I'm trying to figure out the best way to read a packed binary file in Go that was produced by Python like the following:

import struct
f = open('tst.bin', 'wb')
fmt = 'iih' #please note this is packed binary: 4byte int, 4byte int, 2byte int
f.write(struct.pack(fmt,4, 185765, 1020))
f.write(struct.pack(fmt,4, 185765, 1022))
f.close()

I have been tinkering with some of the examples I've seen on Github.com and a few other sources but I can't seem to get anything working correctly (update shows working method). What is the idiomatic way to do this sort of thing in Go? This is one of several attempts

UPDATE and WORKING

package main

    import (
            "fmt"
            "os"
            "encoding/binary"
            "io"
            )

    func main() {
            fp, err := os.Open("tst.bin")

            if err != nil {
                    panic(err)
            }

            defer fp.Close()

            lineBuf := make([]byte, 10) //4 byte int, 4 byte int, 2 byte int per line

            for true {
                _, err := fp.Read(lineBuf)

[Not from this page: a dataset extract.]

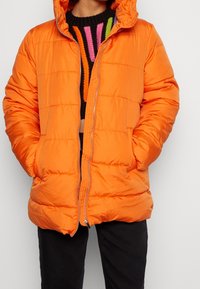 Chaqueta acolchada de color naranja brillante con capucha, cierre de cremallera y detalles de costura horizontal. Cuenta con dos bolsillos laterales y un corte relajado.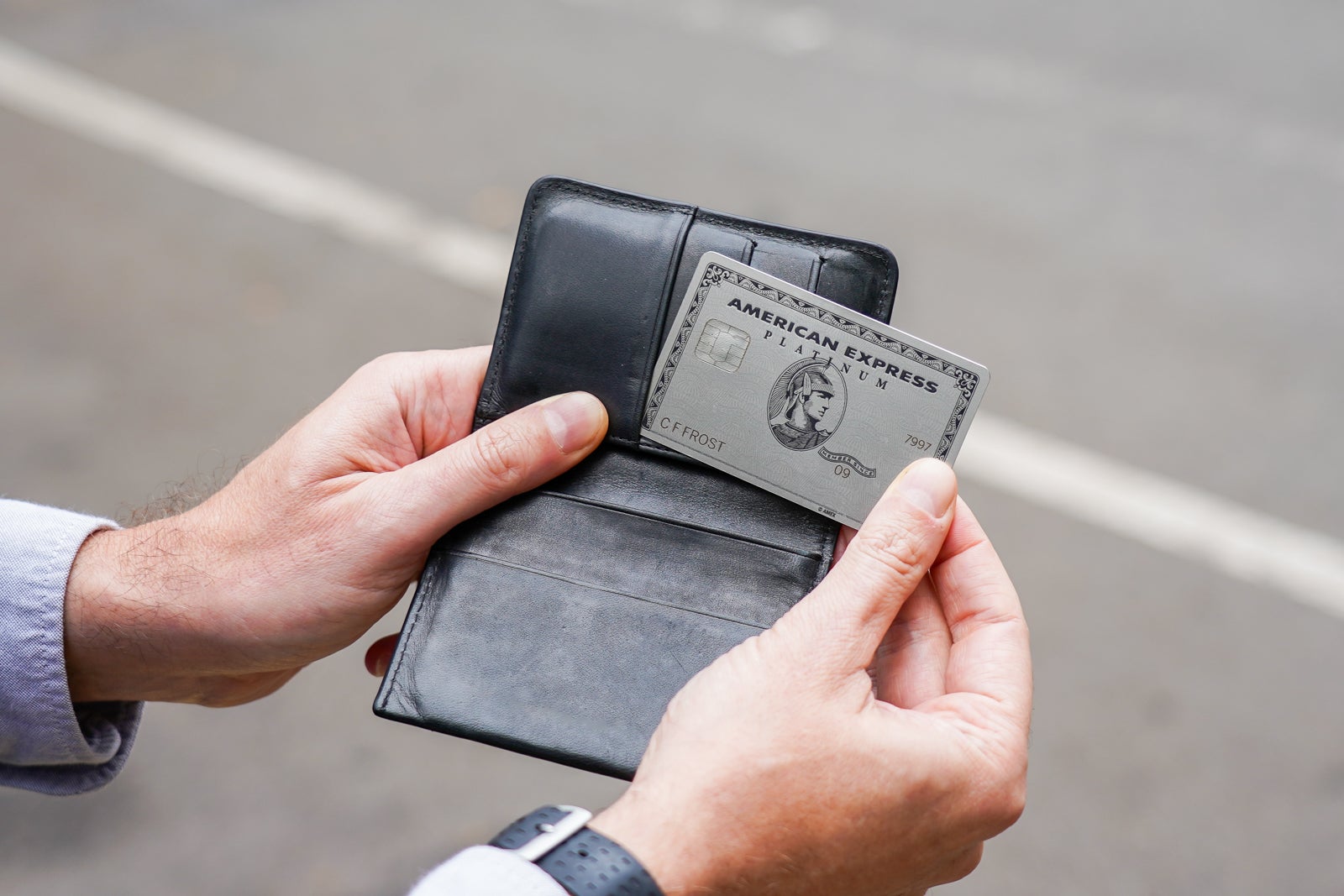 Amex Platinum in wallet on city street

                if err == io.EOF{
                    break
                }

                aVal := int32(binary.LittleEndian.Uint32(lineBuf[0:4])) // same as: int32(uint32(b[0]) | uint32(b[1])<<8 | uint32(b[2])<<16 | uint32(b[3])<<24)
                bVal := int32(binary.LittleEndian.Uint32(lineBuf[4:8]))
                cVal := int16(binary.LittleEndian.Uint16(lineBuf[8:10])) //same as: int16(uint32(b[0]) | uint32(b[1])<<8)
                fmt.Println(aVal, bVal, cVal)
            }
    }
4
  • 1
    Not being a Python dev there's only so much I can tell you ... but having had a quick look at the documentation for the struct.pack method, your fmt of iih means "32 bit Integer, 32 bit Integer, 16 bit Short". Your struct in Go has three 32 bit integers ... not two 32 bit integers and a 16 bit short. There's also a few mentions of padding/alignment in the Python documentation so you need to take that in to consideration potentially. Commented Dec 4, 2015 at 1:37
  • 1
    Thank you Simon - that got me looking a bit closer at the data types and sizes. Python i is 4 bytes and h is 2 bytes - I've updated my code and am able to read the data and get the correct values now. Now I need to figure out how to loop through the file. Commented Dec 4, 2015 at 3:44
  • You might want to have a look into Protocol Buffers which were created for exactly your use case. Works like a charm for me, though I use them for Golang to Java. Commented Dec 4, 2015 at 10:55
  • Thank you for the tip Markus. I will check that out. I figured out A solution but would certainly like to use the most appropriate solution. I also want to write the data too (same 4 byte and 2 byte ints) so I'll look into the Protocol Buffers for that too. Commented Dec 4, 2015 at 11:18

4 Answers 4

5

A well portable and rather easy way to handle the problem are Google's "Protocol Buffers". Though this is too late now since you got it working, I took some effort in explaining and coding it, so I am posting it anyway.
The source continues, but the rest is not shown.